Gerstein
Intergenic Annotation. The Gerstein lab has been a major
participant in a number of ENCODE efforts, focusing on intergenic annotation.
We developed an approach to analyze the distribution of regulatory elements
found in many different ChIP-chip experiments (Zhang et al., 2006). We focused
on the overall chromosomal distribution of regulatory elements in the encode
regions and showed that it is highly nonrandom. Our results indicate that these
elements are clustered into regulatory rich ‘islands’ and poor ‘deserts.’ We then
performed a multivariate analysis on all the factors collectively. This grouped
the transcription factors into sequence-specific and sequence-nonspecific
clusters. Following up on this, we
developed an approach for integrating the results of many ChIP-chip experiments
to discover new promotors in the human ENCODE regions (Trinklein et al. 2006).
We also have carried out comprehensive pseudogene annotation of the human
genome and cross referenced this annotation with tiling arrays (Zheng et al.,
2005, 2007; Harrison et al., 2005; Zheng et al., 2006; Zheng & Gerstein,
2006, 2007; Zhang et al., 2003). We performed a related analysis of structured
RNAs in intergenic regions, also inter-relating them with tiling array data
(Zhang et al., 2007; Washietl et al., 2007).
Tiling Array Tools. The Gerstein Lab has developed a
considerable amount of tools and machinery for processing tiling arrays. Most
of these are described elsewhere in the proposal (e.g. scoring arrays, sect. C.4).

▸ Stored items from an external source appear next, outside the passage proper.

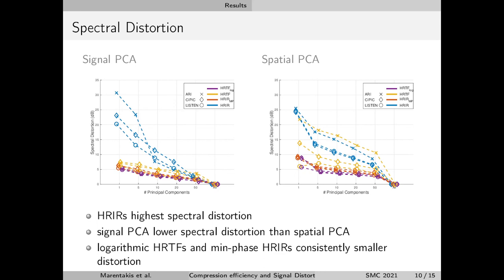Here we can see the spectral distortion results as a function of the number of principal components used in reconstruction. Again, signal PCA is on the left and spatial PCA is on the right. We see that HRIRs have the highest distortion, and again that signal principal component analysis has lower spectral distortion compared to spatial principal component analysis — in this case for all databases considered. It is also interesting to note that logarithmic HRTFs and minimum phase HRIRs have a consistently smaller spectral distortion compared to the HRIRs.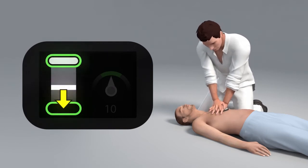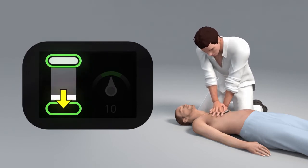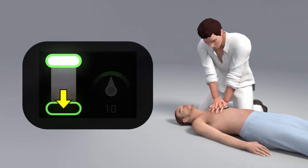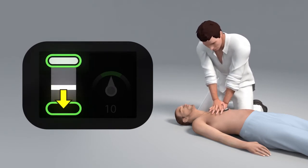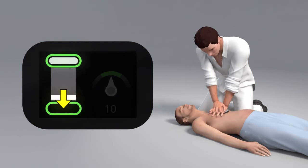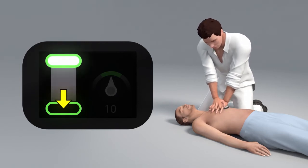If you continually do not reach the target, you will see a yellow arrow pointing to the depth target.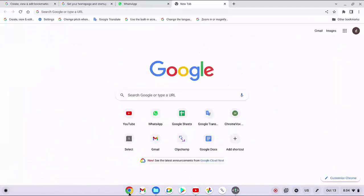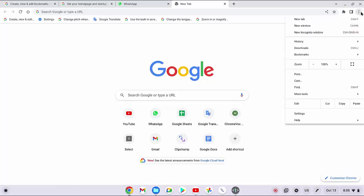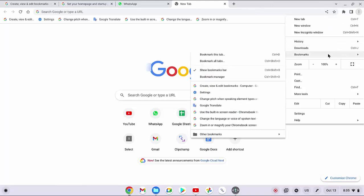To rename a bookmark site in Chrome browser app in Lenovo Flex 5 Chromebook, open Chrome app and then click the more option or three vertical dots icon at the top right, then select Bookmark, followed by selecting Bookmark Manager.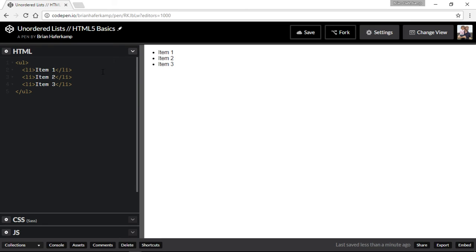There are more videos inside the HTML5 basics playlist. I encourage you to go through them all. And we are building up so that we can build out a page, a one-page website.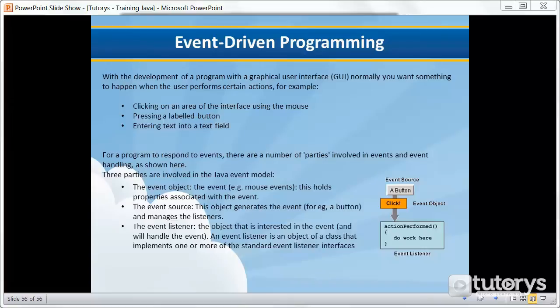In each of these cases, a program event occurs, and the program can be designed to incorporate specific actions that would occur when different events occur. So this type of program is referred to in Java as an event-driven program.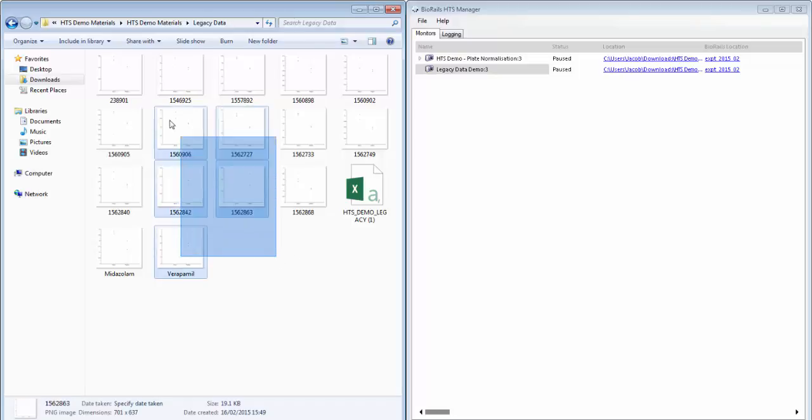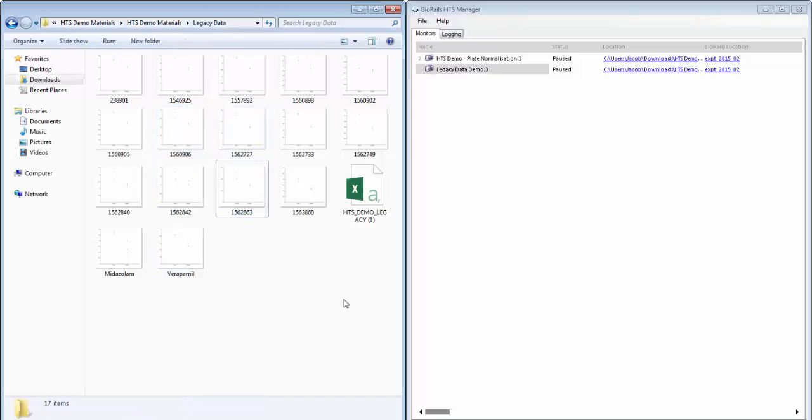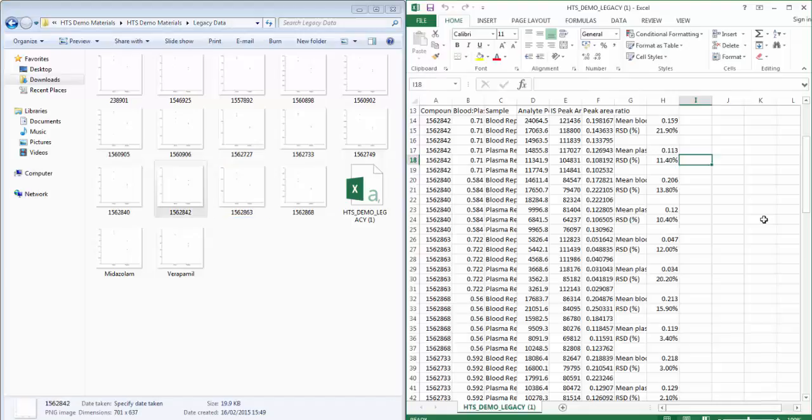However, we also have a set of charts which were created in the study for each compound in our data file and it's important that we preserve the links from the results for the compounds to their specific chart.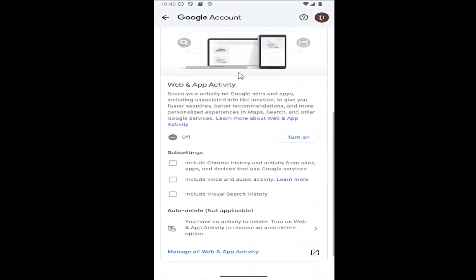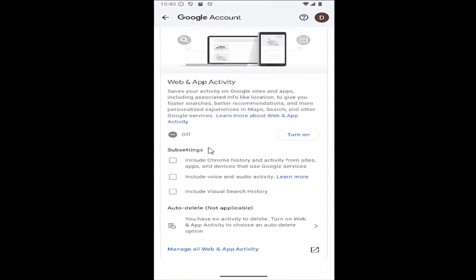Scroll down again where you'll see that web and app activity saves your activity on Google sites and apps, including associated info like location, to give you faster searches, better recommendations, and more personalized experiences in maps, search, and other Google services.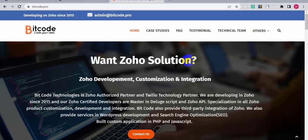Hi, this is Ryan from Bitcode Technologies Ltd. Today I will show you how to design a one page website in JohoCommerce. So let's get started.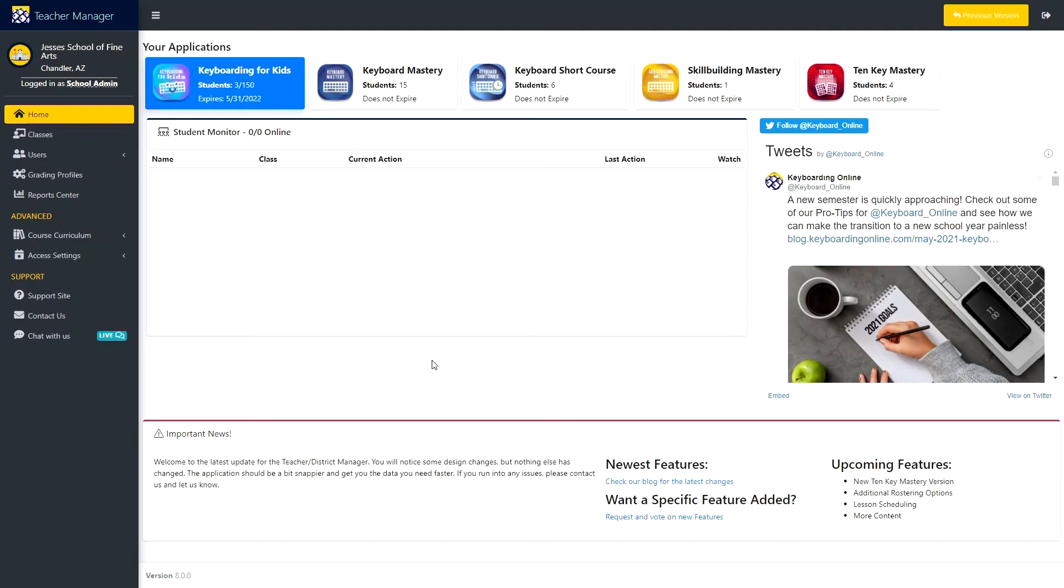Hi everyone, this is Jesse with Keyboarding Online, and welcome to our brand new Teacher Manager dashboard. It's mostly the same, but we have made a few improvements to make it a little easier to navigate.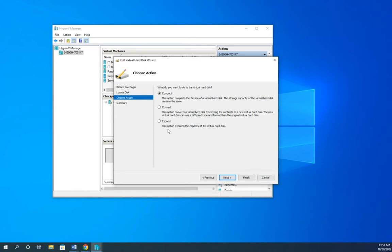And so on your physical disk, that VHD file grows and grows. But it's a one-way process. It gets bigger. When you delete information out, it doesn't get smaller. It doesn't reclaim that disk space. And that's what this does. So let me rephrase that: it doesn't reclaim that disk space automatically. You can come in here and edit and compact.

One tool not described elsewhere is BoCaTFBS (Wang et al., 2006). This refines
ChIP-chip hits by considering known motifs (Wang et al., 2006). Traditional
computational algorithms used to identify binding sites, such as consensus
sequences (Osada et al., 2004), profile methods (PWM/PSSM) (Stormo, 2000), and
HMMs (Pavlidis et al., 2001; Ellrott et al., 2002) generate high false-positive
rates when applied genome-wide (Wasserman & Sandelin, 2004). Our method
uses a boosted cascade of classifiers -- specifically, alternating decision
trees (ADTboost) (Freud & Schapire, 1999), where ADTboost is a special
extension of AdaBoost. We use the known motifs (e.g. from the TRANSFAC
database, Matys et al., 2003) as positives and the results of the ChIP-chip
experiments as negatives. Our method is the first motif finder that explicitly
takes into account the data from ChIP-chip experiments. Moreover, BoCaTFBS
differs from most other motif programs in that (1) it takes into consideration
positional dependencies within a given motif and (2) it uses the negative data
(regions where the transcription factor does not bind) in order to refine the
binding site.
Regulatory Networks. The Gerstein lab has done quite a
number of analyses on the large-scale structure of regulatory networks (e.g. Yu
& Gerstein, 2006; Luscombe et al., 2004; Yu et al., 2003, 2004) and has
developed tools to enable their analysis (Yip et al., 2006; Yu et al., 2004;
networks.gersteinlab.org/tyna ).
Publications
* Zhengdong, Z., Alberto, P., Yutao F., Sherman W., Zhiping
W., Chang J., Snyder M, Gerstein M. Development of approaches for global
analysis of regulatory elements. Global analysis of the genomic distribution
and correlation of regulatory elements in the Encode regions. Genome Research. Genome
Res. In press.
* Euskirchen, G., Rozowsky, J., Wei, C.L. Lee, W.H., Zhang,
Z, Hartman, S., Emanuelsson, O., Stolc, V., Weissman, S., Gerstein, M., Ruan,
Y., Snyder, M. (2006). Mapping of Transcription
Factor Binding Regions in Mammalian Cells by ChIP: Comparison of Array
and Sequencing Based Technologies. Genome Res. In press.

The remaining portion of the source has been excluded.